Returning to work in Doylestown, Penn., she found her friend and running companion Amy O’Neill on her patient list with shrapnel deeply embedded in her calf.
They are returning to Boston together, Nos. 21321 and 21648.
“It’s going to be a great event, and we’re going to celebrate with the people of Boston,” Griffith said in a telephone interview. “And that’s what we’re going to do.”
These are the people the B.A.A. was hoping to find, Grilk said, when it opened up the usually rigorous entry process for those who might qualify on an emotional level as well. Organizers heard from doctors and nurses and soldiers and victims and first-responders — the usual kind like police and firefighters, but also the ordinary individuals who rushed in to help.
Sarah Gasse, a nursing student who volunteered last year, said receiving her bib this way was itself an honor. Now 21, she wrote in her essay that her mother also ran the race when she was 21 and following her footsteps from Hopkinton to Copley Square had long been a goal.
“Because of my experience, it now holds an entirely new meaning for me,” wrote Gasse, No. 28230. “Running the 2014 Boston Marathon would allow me to pay homage to those lost and injured that day, one more runner proving just how strong Boston truly is.”
The submissions were raw with emotion, heavily introspective, often desperate, and yet unexpectedly hopeful.
“There are faces and images that I will never forget, and even writing about my experience now is proving more difficult than I had imagined,” Gasse wrote. “Yet, despite the emotional trauma that ensued that day, I have a fire of passion in me that I have never known before. I am more confident than ever in my calling to work in health care.”
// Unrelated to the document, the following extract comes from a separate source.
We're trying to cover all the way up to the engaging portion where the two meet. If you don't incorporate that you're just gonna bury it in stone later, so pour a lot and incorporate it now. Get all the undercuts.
One of about 20 UMass-Boston nursing students who volunteered last year to serve on a sweep team, Gasse was at the finish line with a wheelchair to scoop up exhausted runners.
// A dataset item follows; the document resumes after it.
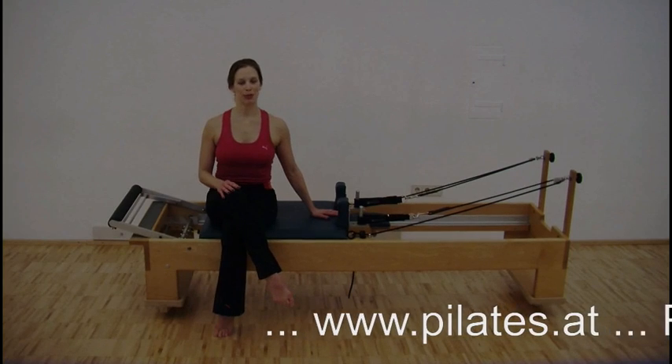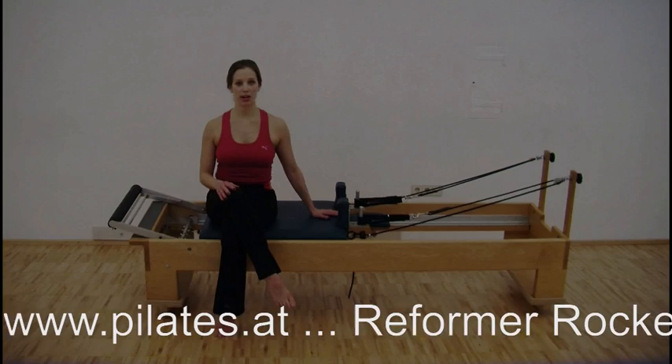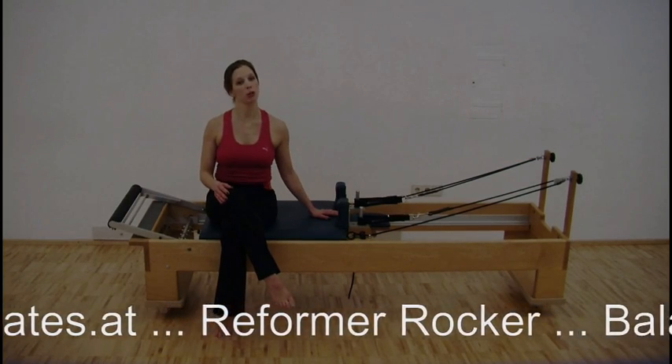Hello, my name is Sharon Booth from the Pilates Academy Vienna. I'll be demonstrating some core strengthening and stability on the rock reformer from Balanced Body.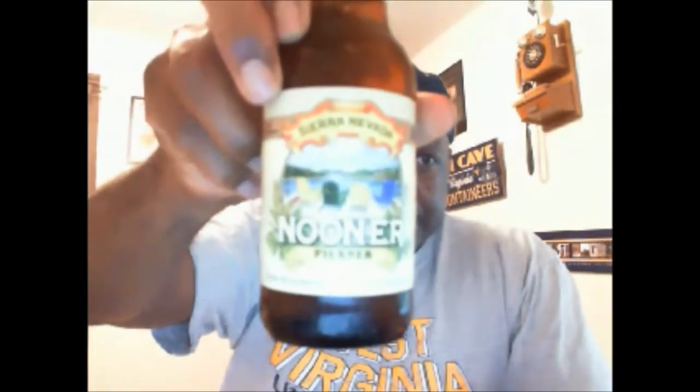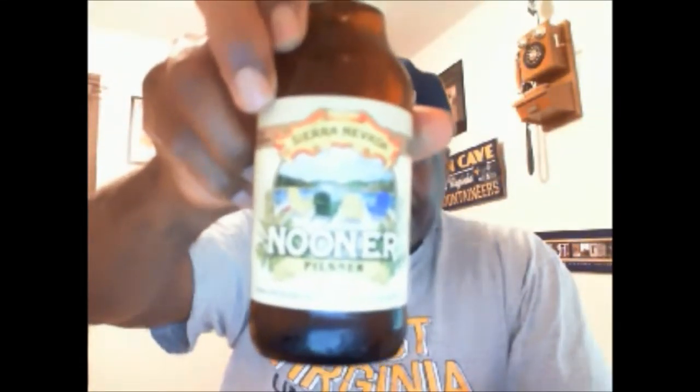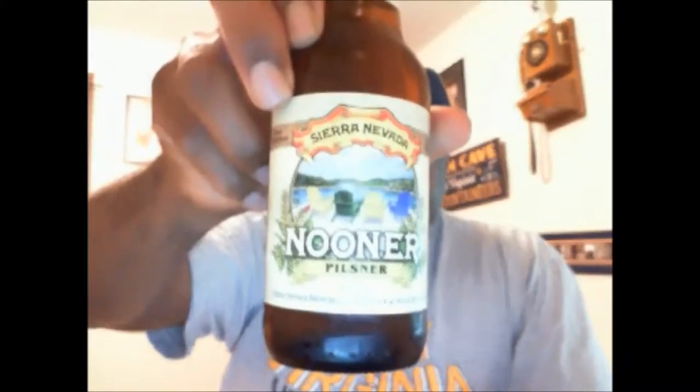What's up everybody, we're going to take a look at one from Sierra Nevada — this is their Nooner. It is their take on the classic Pilsner. ABV for this beer is 5.2%, so let's check this baby out and get it into the glass.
“There’s nothing like being at the finish line of the Boston Marathon,” Wald, a nursing professor who had run the race five times, told her students. “You’re going to be so inspired.”
“I made them read articles about hypothermia, blisters, cramps. And instead they were carrying people with tourniquets around their legs and horrific injuries,” Wald said on Tuesday, the anniversary of the attacks. “I was so worried that I had traumatized them all.
“I was worried they were going to change their majors. Instead they came into my office: âI’m going to be an E.R. nurse now.’ âI’m going to work in trauma.’ They saw role models that day coming out of the medical tent acting like the top pros that they are.”
None of Wald’s students was injured. But another UMass-Boston student, Krystle Campbell, was killed by one of the bombs.
Wald received bib No. 24741 and was hoping to run in Campbell’s memory, but the injury that kept her from running last year could put her back on the sweep team with her students.
“Running would probably be the dumbest thing I ever do. But it’s going to be really hard not to,” she said. “It’s an honor either way, to be part of this, to be able to contribute. If I can’t run it, I am beyond happy, honored to help other people reach their goals.”
The marathon can be a brutal sport, even more so when one considers that the 26.2 miles run on the day of the event are the culmination of a years-long process that, in Boston’s case, begins with training for a qualifying race.
Runners looking for a reason to stop can always find one: the heat, the hills, the blisters, the cramps.
And now the threat of a terrorist attack, the memories of severed limbs, the ears ringing from the concussion of a bomb blast.
Yet for 118 years, runners have found a reason to make the trip to Boston. On Monday, more than 35,000 will leave Hopkinton to reclaim the euphoria of the finish line that was taken from them.
This year, three-time Boston champion Uta Pippig said, no one needs to ask them why.
“Running gives me freedom, and for a moment our freedom was restrained,” she said this week. “That’s what I believe is the reason we run together.”